## Exercise objective
Write every entry out again with no changes, and leave the images behind.

Records excerpted from a collection:
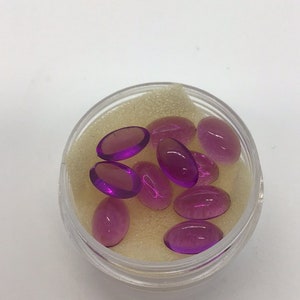 10x7mm Oval Vintage Glass Cab Purple
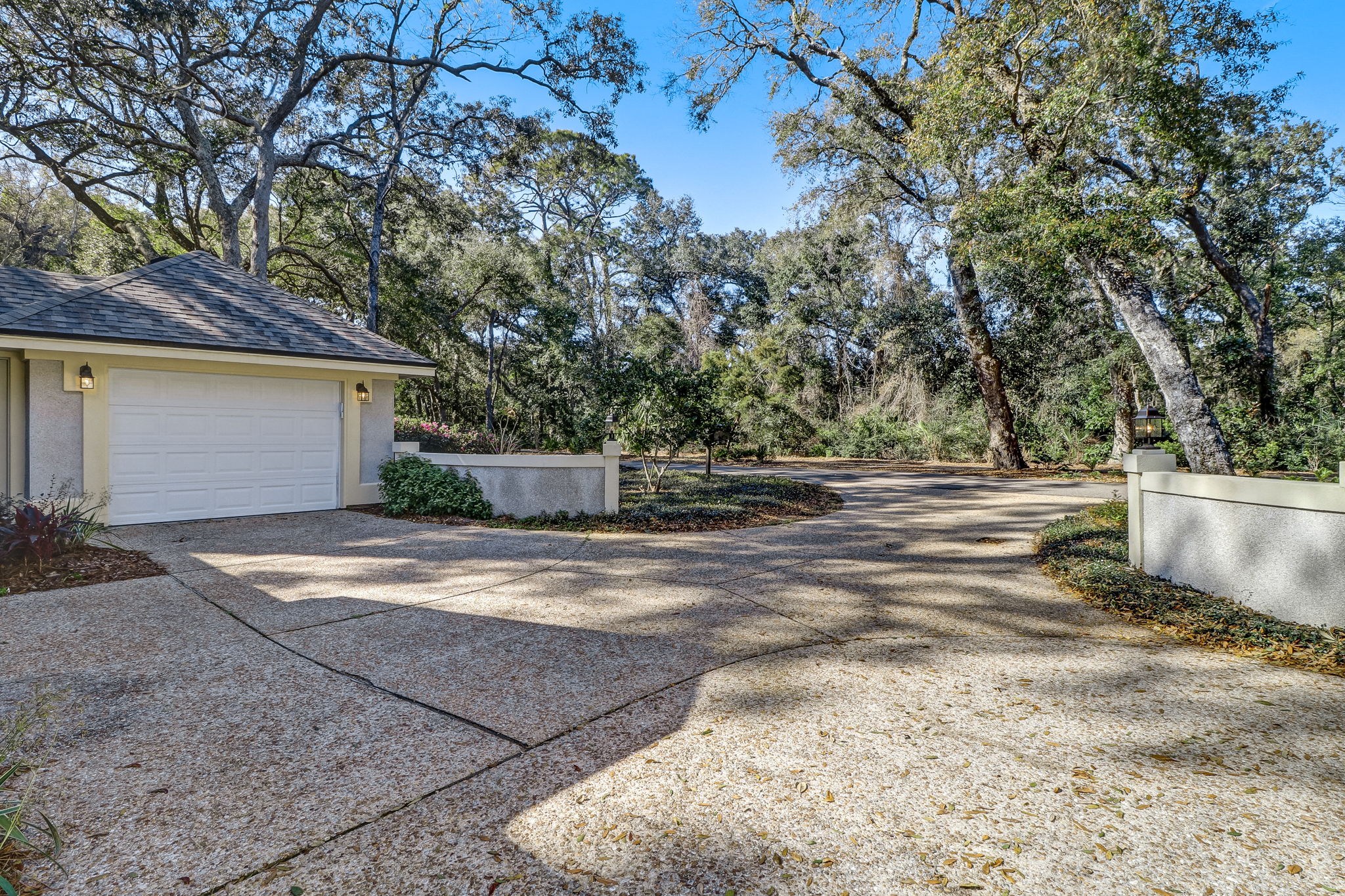 Driveway/Garage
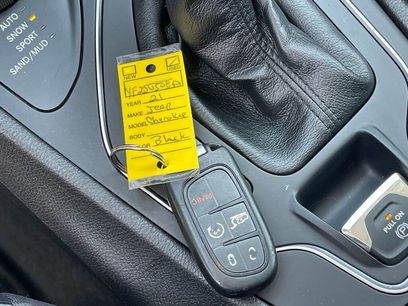 Used 2021 Jeep Cherokee Latitude Lux w/ Comfort/Convenience Group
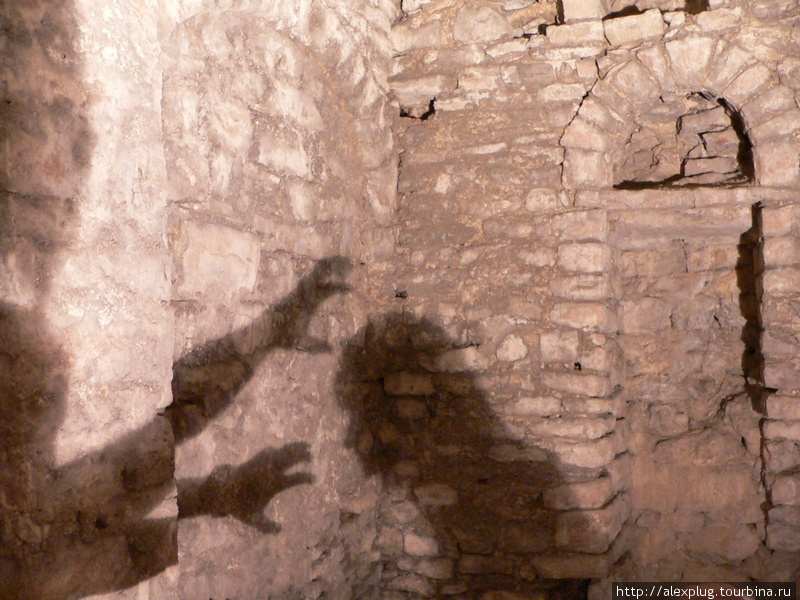 Кошмары подземелий крепости Старый Бар. Бар, Черногория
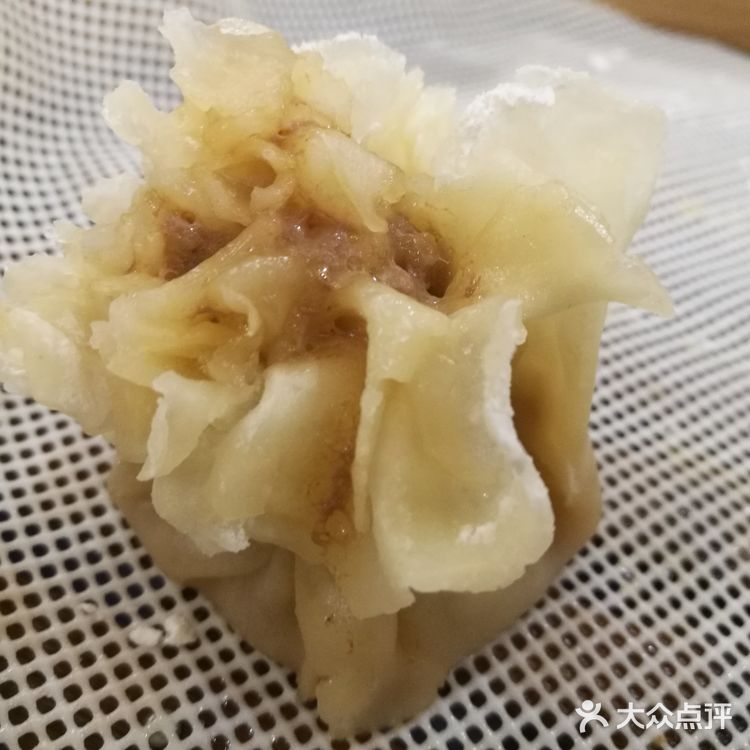 北辰道上的马记烧麦现在开在了龙门道，门口有停车位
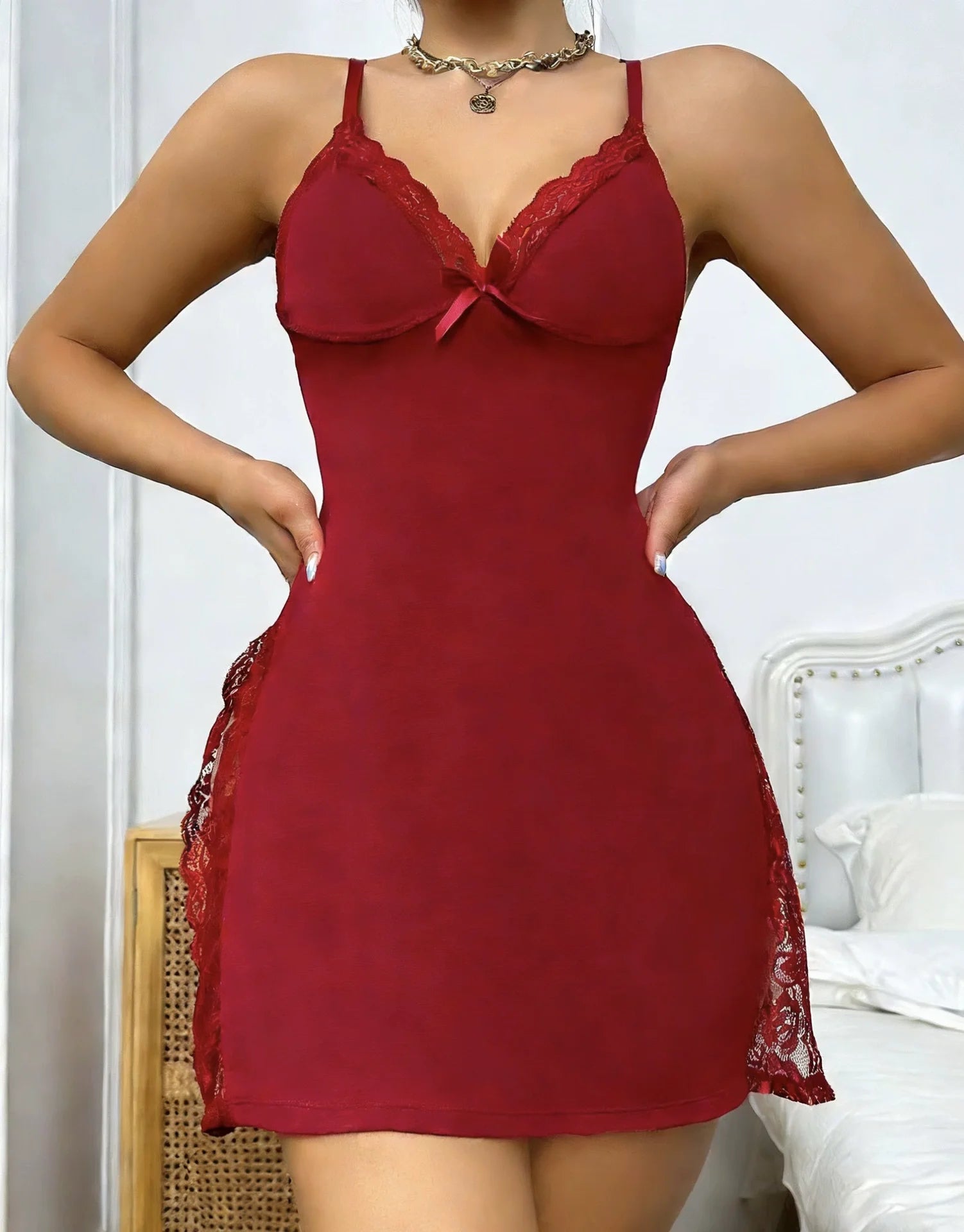 Camisón de Mujer con Encaje, Cuello en V y Abertura Lateral
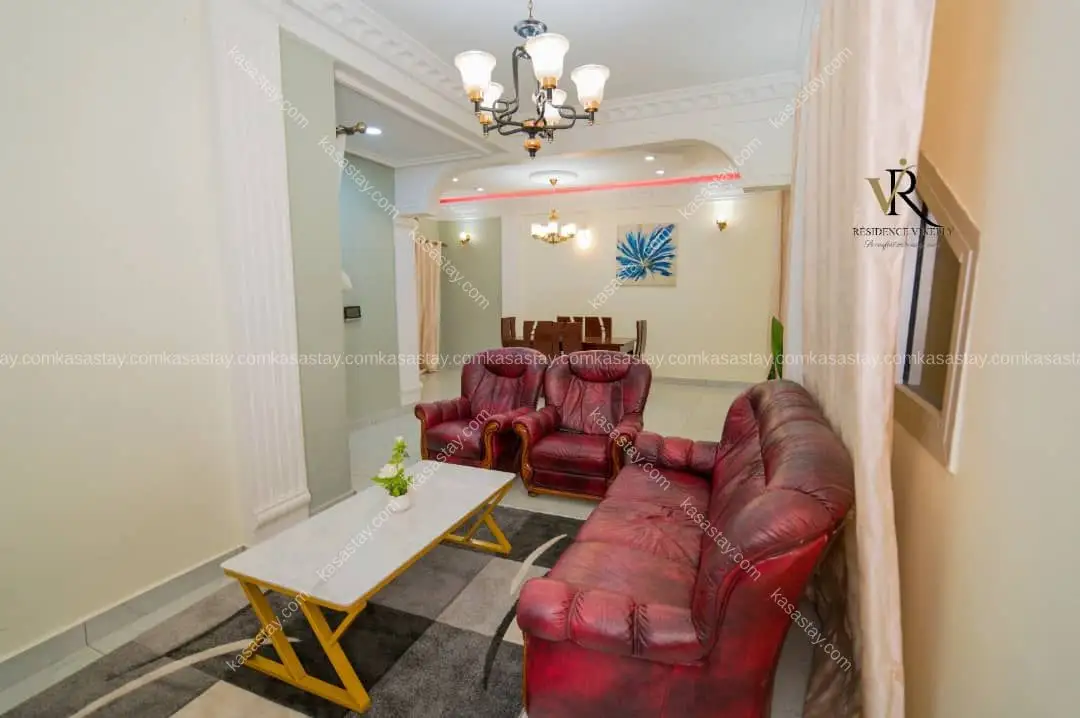 Appartements meublés 101 par résidence Vinelly (total nkolbong)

## Response for this exercise
 10x7mm Oval Vintage Glass Cab Purple
 Driveway/Garage
 Used 2021 Jeep Cherokee Latitude Lux w/ Comfort/Convenience Group
 Кошмары подземелий крепости Старый Бар. Бар, Черногория
 北辰道上的马记烧麦现在开在了龙门道，门口有停车位
 Camisón de Mujer con Encaje, Cuello en V y Abertura Lateral
 Appartements meublés 101 par résidence Vinelly (total nkolbong)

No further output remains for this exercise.